Overall, these observations suggest that a 12-month DAPT period does not represent the optimal duration for all patients undergoing a DES implantation, and that the evaluation of DAPT duration should be tailored individually, considering both the bleeding and ischaemic events risk profiles of the patient.15 Individuals at low ischaemic risk, such as patients without ACS who are undergoing PCI, particularly if at high bleeding risk, may be suitable for shortened periods of DAPT, whereas prolonged DAPT (>12 months) could be of more benefit for selected patients without significant bleeding risk or at high ischemic risk, such as patients with previous MI, particularly if presenting with additional cardiovascular risk factors or recurrent ischaemic events. The risk stratification is therefore a crucial step in the decision making regarding DAPT duration.
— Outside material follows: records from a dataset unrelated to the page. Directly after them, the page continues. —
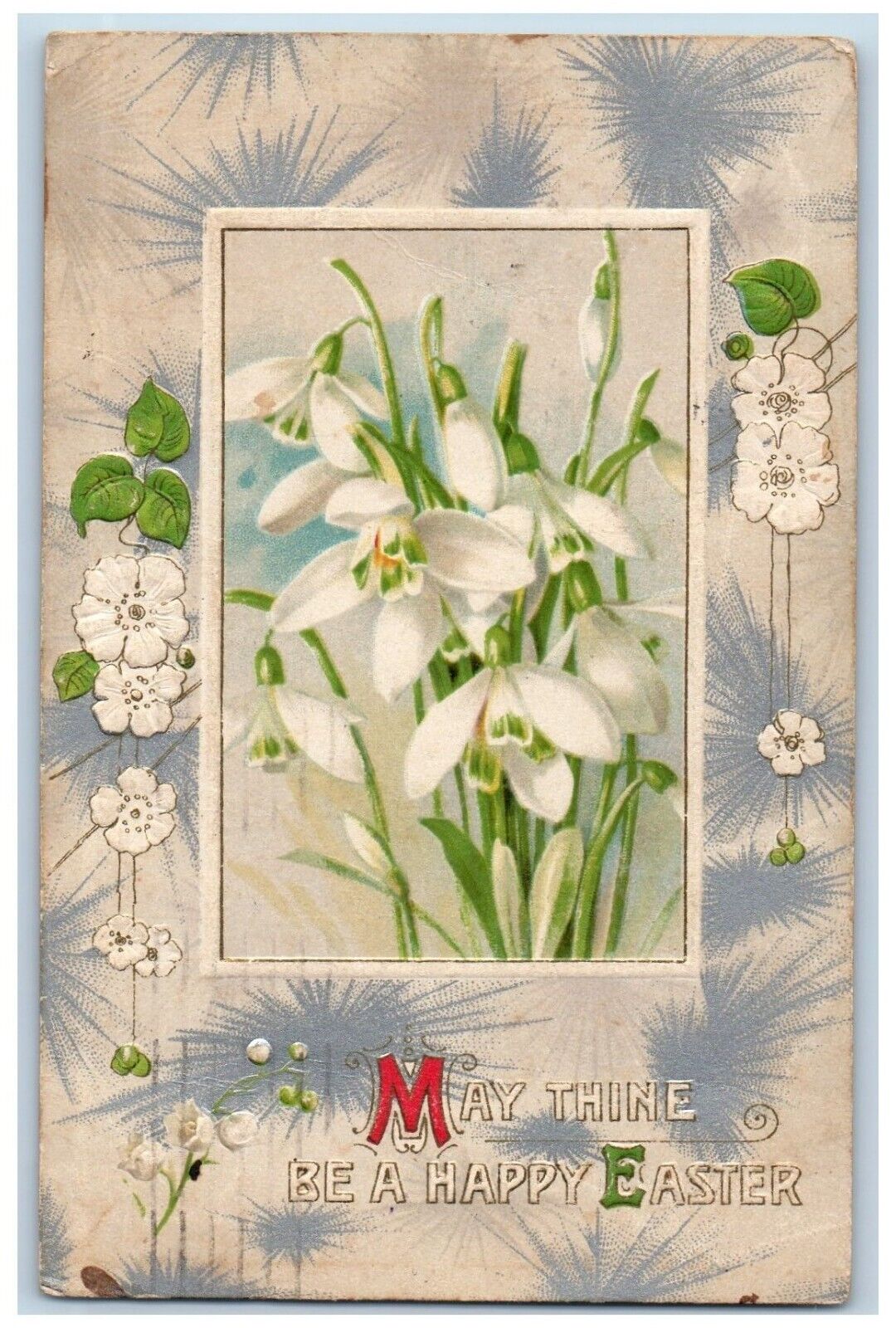 Bridgeton New Jersey NJ Postcard Easter Flowers Embossed Winsch Back 1924 Posted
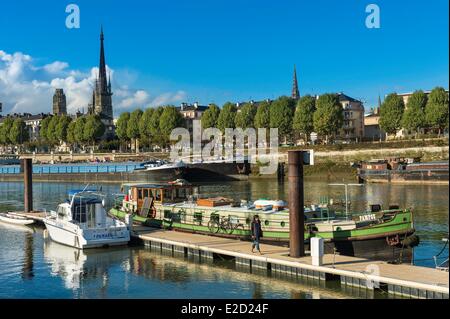 Frankreich Seine Maritime Rouen Lacroix Insel Rastplatz für Segelboote Stockfoto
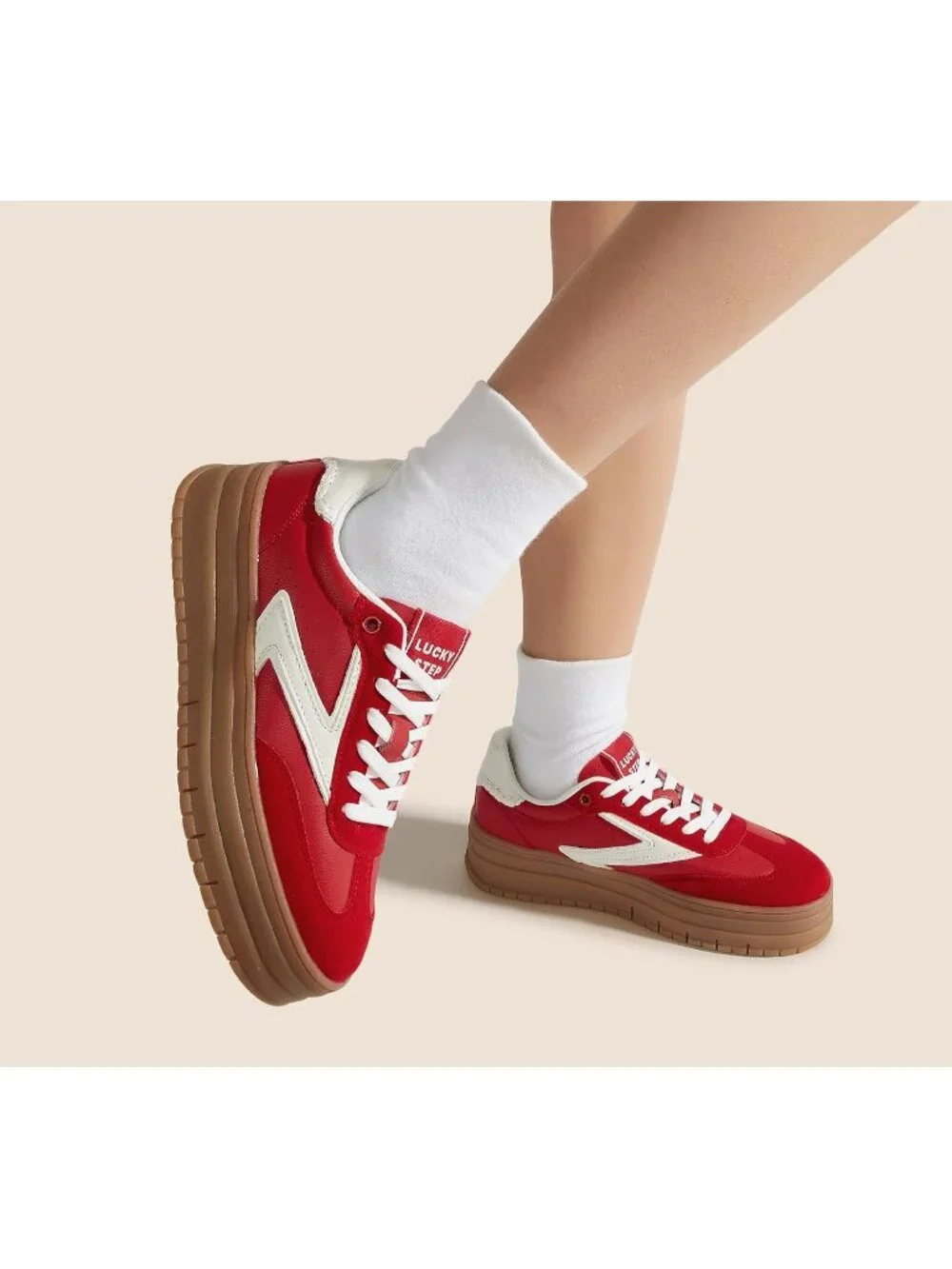 🆕Women's Red White Platform Sneakers Gum Thick Sole Tennis Walking Shoes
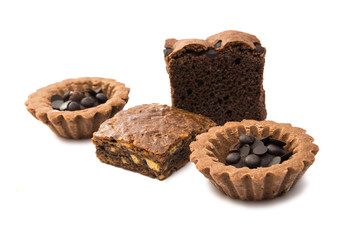 basket with chocolate drops isolated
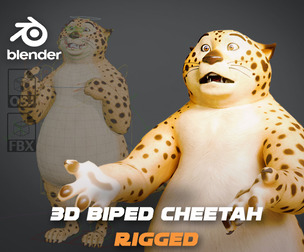 Biped Cheetah - Rigged Cartoon Animal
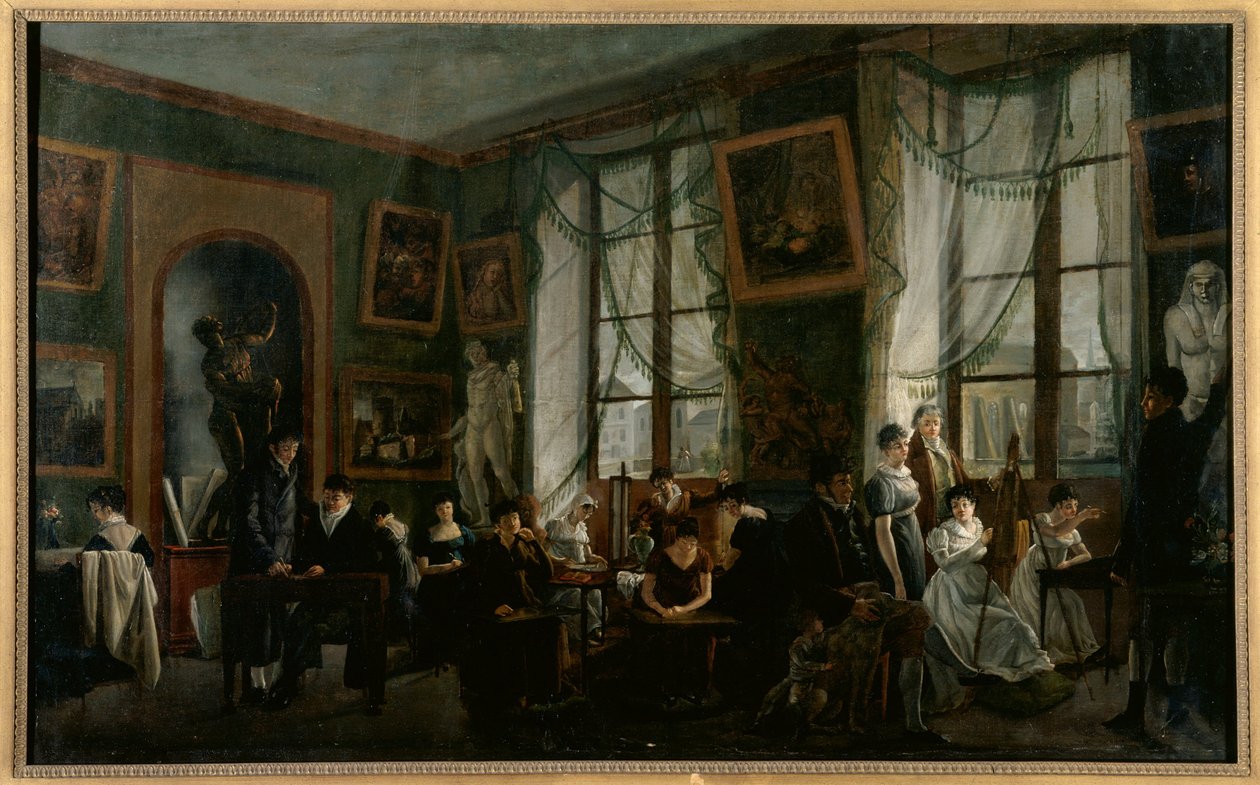 Uma mulher numa aula de desenho, cerca de 1810, cerca de 1810 (óleo sobre tela) de French School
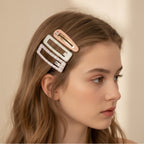 Le Ting Printed Snap Hair Clip Set Pink Peach Stripe Floral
Recently, the DAPT risk score has been presented; this is the first risk score with the advantage of simultaneously assessing both the bleeding and ischaemic risk, thus identifying patients who are likely to derive harm or benefit from prolonged DAPT.20 However, this score was demonstrated in a population free of major bleeding or ischaemic events in the 12-month period of DAPT and should also be validated in other datasets.

Conclusion

To further help clinicians in balancing ischaemic and bleeding risks it is necessary to carry out additional studies, as well as exploring secondary analyses of the most recent trials, to individualise the subgroups of patients that derive the greatest benefit from DAPT prolongation. Until then, clinicians should follow a personalised approach, with an ongoing risk–benefit assessment, rather than a standardised approach.